Task to complete: Could you write out, exactly as they stand, only the lines in the listing below from the line with "Edit phpMyAdmin Database" to the line with "Set sơ mi ngắn", both ends included, without the pictures?

Information given:
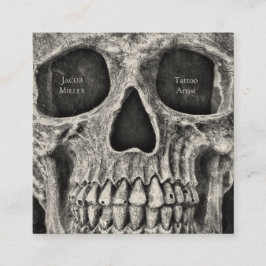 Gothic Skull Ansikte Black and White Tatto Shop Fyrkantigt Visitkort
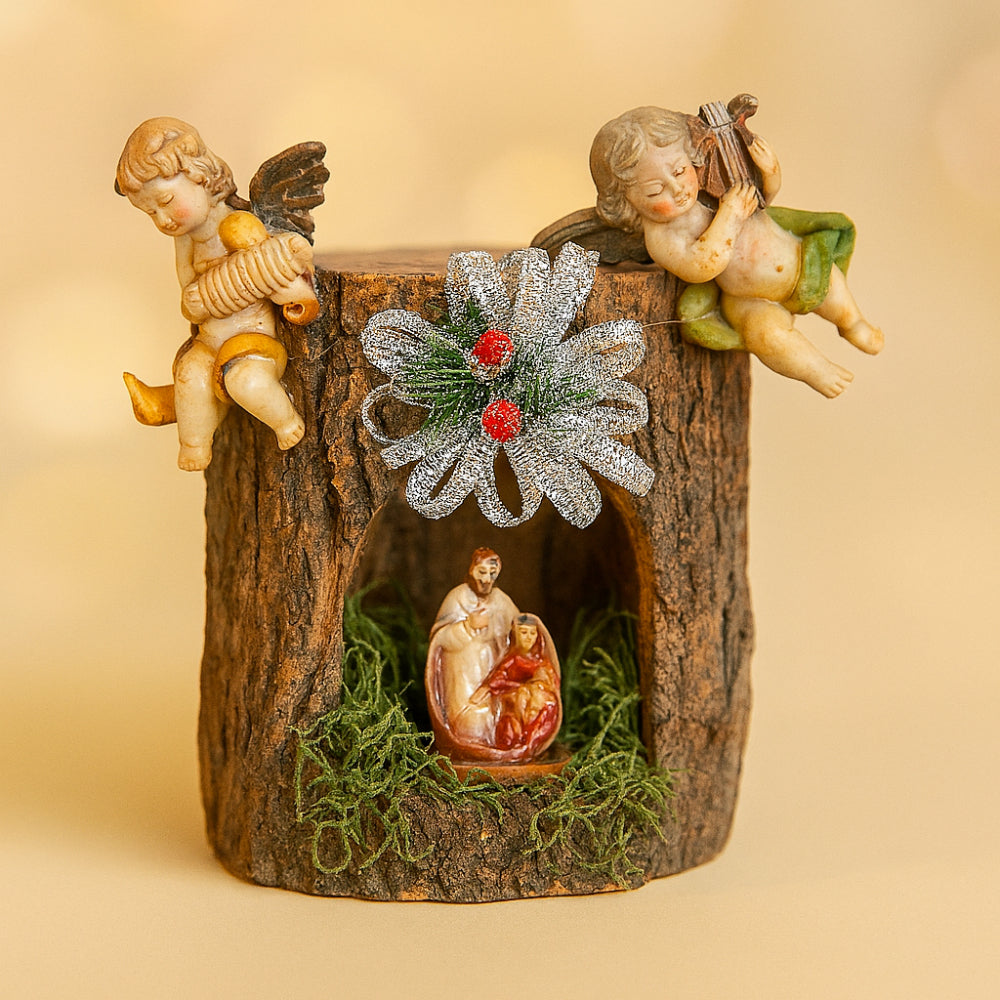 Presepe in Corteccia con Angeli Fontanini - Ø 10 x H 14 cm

* * *

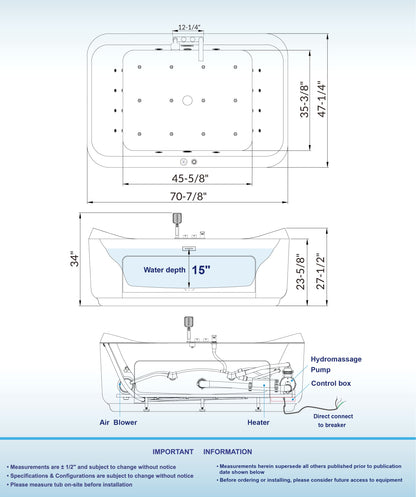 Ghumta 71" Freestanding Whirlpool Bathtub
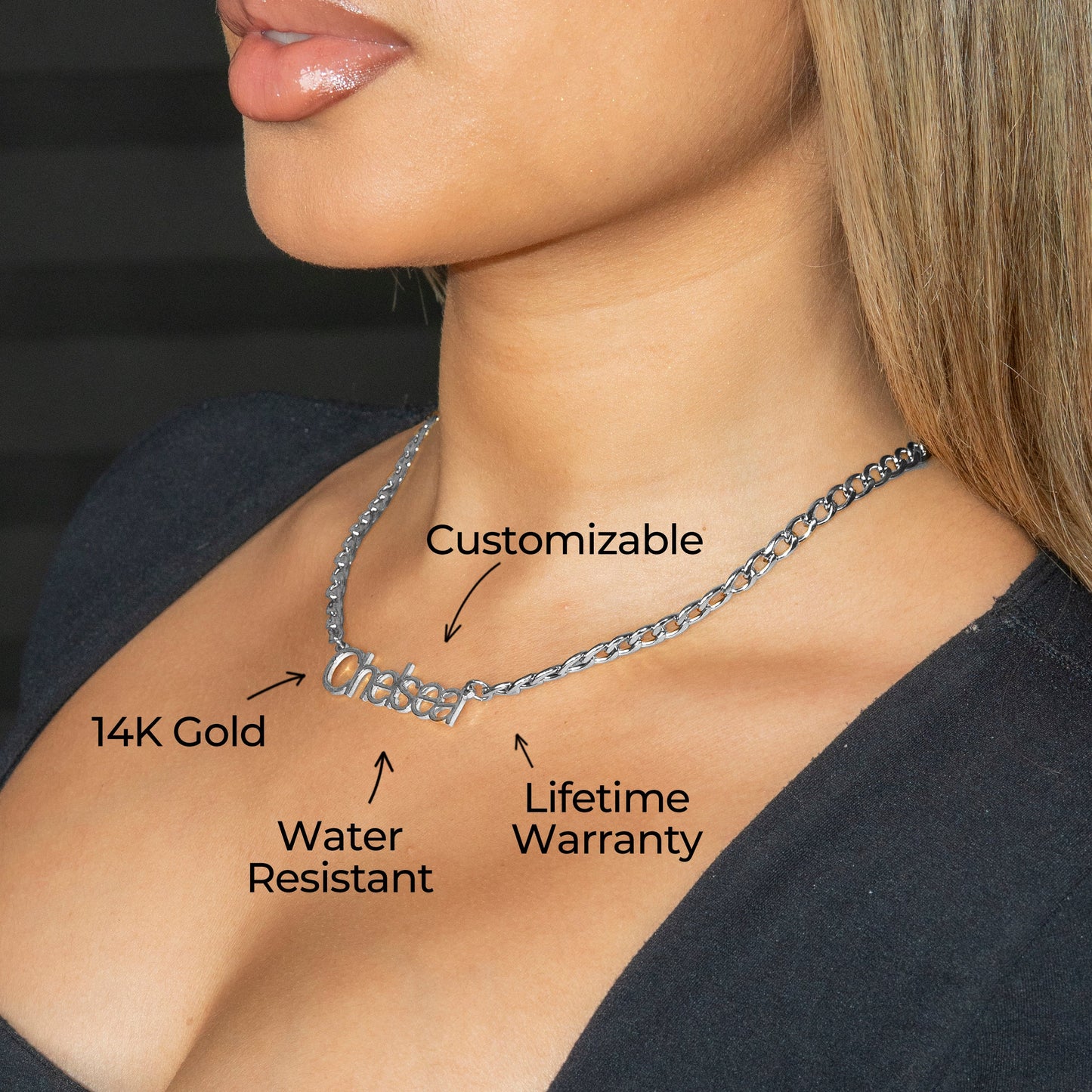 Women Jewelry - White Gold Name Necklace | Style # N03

---

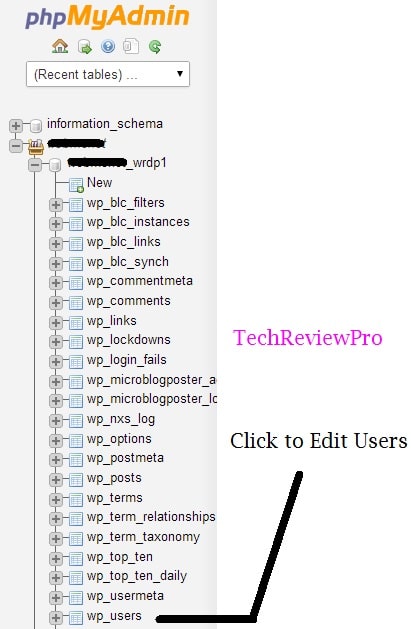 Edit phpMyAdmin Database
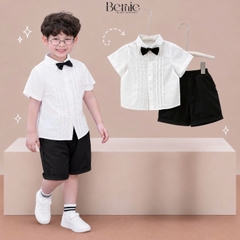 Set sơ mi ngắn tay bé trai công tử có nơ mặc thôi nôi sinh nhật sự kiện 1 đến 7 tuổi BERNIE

Solution:
 Edit phpMyAdmin Database
 Set sơ mi ngắn tay bé trai công tử có nơ mặc thôi nôi sinh nhật sự kiện 1 đến 7 tuổi BERNIE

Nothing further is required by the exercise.